Enron CEO and Chairman Kenneth L. Lay misled employees to believe that the company was in a good financial position shortly before the energy firm went bust.

Back in 2001, Enron – an American energy, commodities, and services company – filed for bankruptcy, which was later revealed to have been caused by internal fraud at the company.

At the time, it was the US’ largest corporate bankruptcy in history.

Enron was founded by Lay in 1985 and went on to have over 20,000 employees at the time of its collapse. But Lay and some of his senior executives long knew that Enron was trouble – yet failed to tell anyone.

In fact, they went out of their way to assure employees and board members that the company was doing well.

With this in mind, in the months leading up to Enron’s collapse, Lay encouraged employees to buy stock and ‘talk up’ the idea to their family and friends too.

“Talk up the stock and talk positively about Enron to your family and friends,” he told them on an electronic forum in September 2001, two months before filing for bankruptcy.

His message went on, the Los Angeles Times previously reported: “The company is fundamentally sound. At current stock prices… this seems to be an incredibly cheap stock.”

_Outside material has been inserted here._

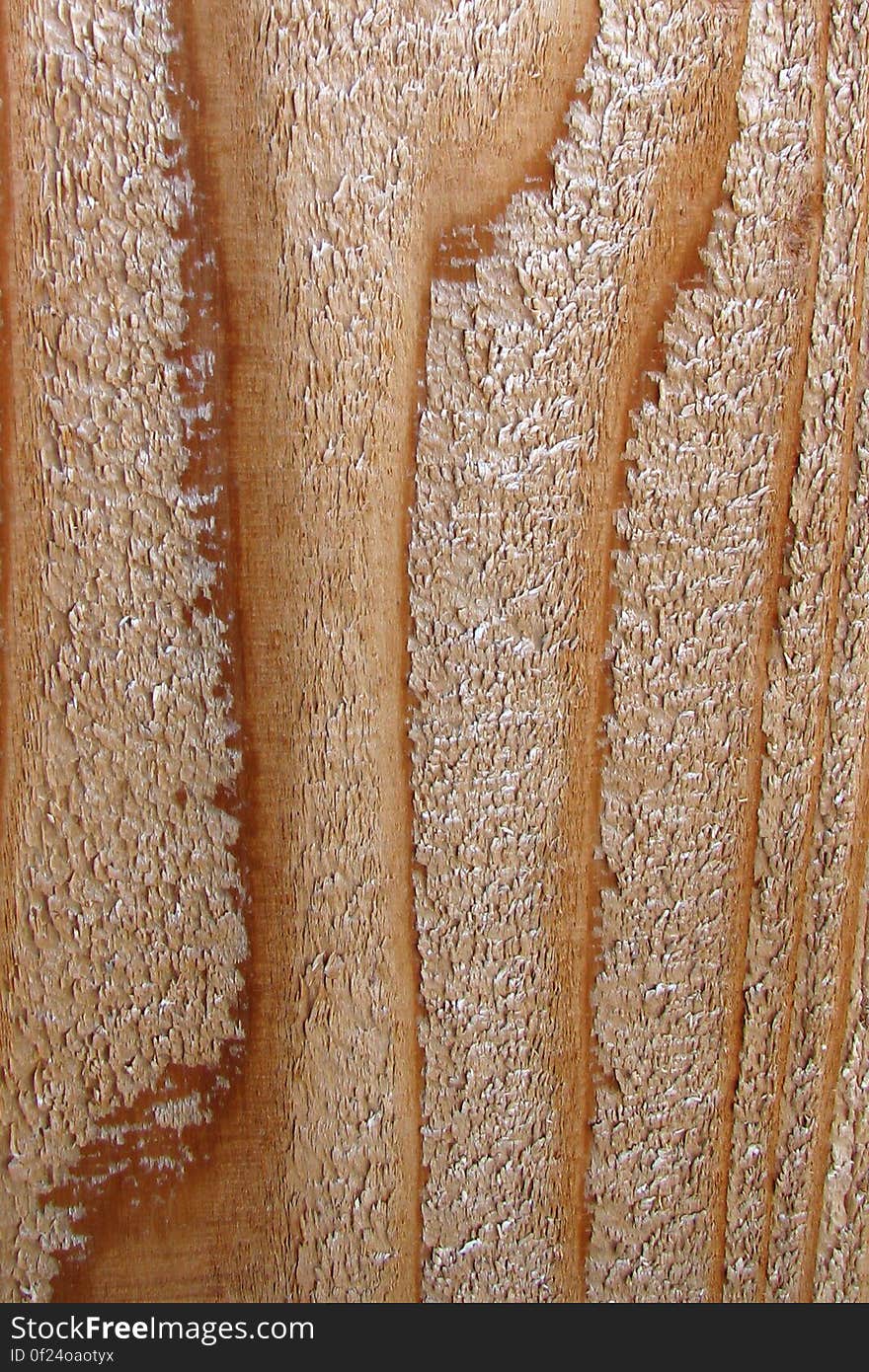 wood texture 4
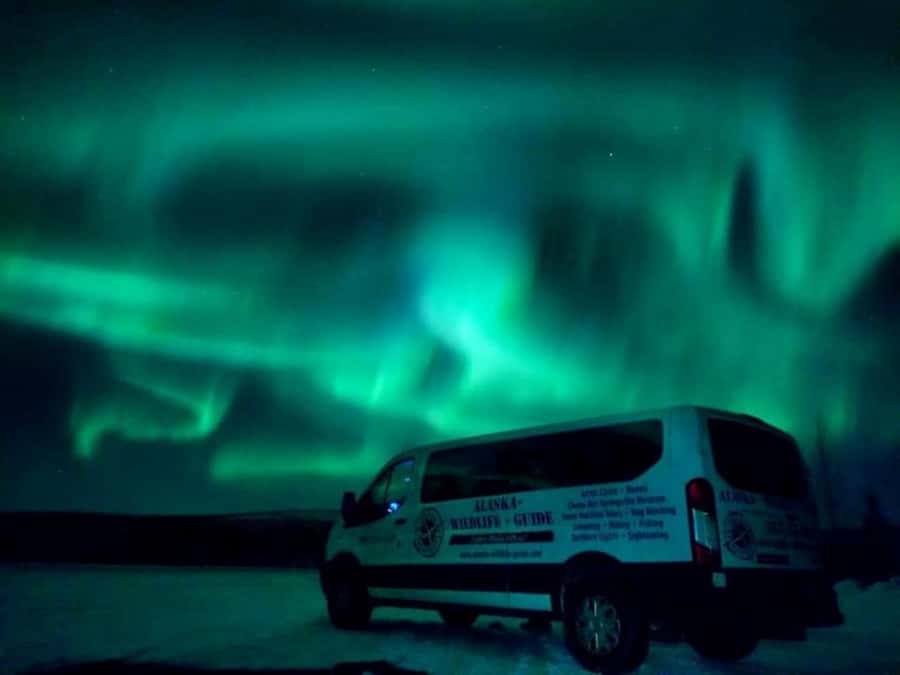 From Fairbanks: Northern Lights and Arctic Circle Tour - The Dalton Highway is the main event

Fast forward to July 2002 and Lay was indicted on charges of conspiracy, securities fraud, wire fraud, bank fraud and making false statements.

It’s thought the company lost around $74 billion, CNN reports.

Enron co-CEO Jeffrey K. Skilling and former Enron Chief Accounting Officer Richard Causey were also hit with charges.

Deputy Attorney General James B. Comey, who headed the President’s Corporate Fraud Task Force at the time, said in a statement: “The indictment charges that Lay, Skilling, Causey and others oversaw a massive conspiracy to cook the books at Enron and to create the illusion that it was a robust, growing company with limitless potential when, in fact, Enron was an increasingly troubled business kept afloat only by a series of deceptions.”

“These charges demonstrate the Department’s commitment to the rule of law, its commitment to the principle that no one is above the law, and its commitment to unravel even the most complex of fraudulent schemes,” Comey continued.

Lay was ultimately convicted of his crimes, but died of a heart attack before his sentencing.

Elsewhere, Skilling was convicted on one count of insider trading and five counts of making false statements. He was sentenced to over 24 years behind bars, but was released in 2019 after 12 years.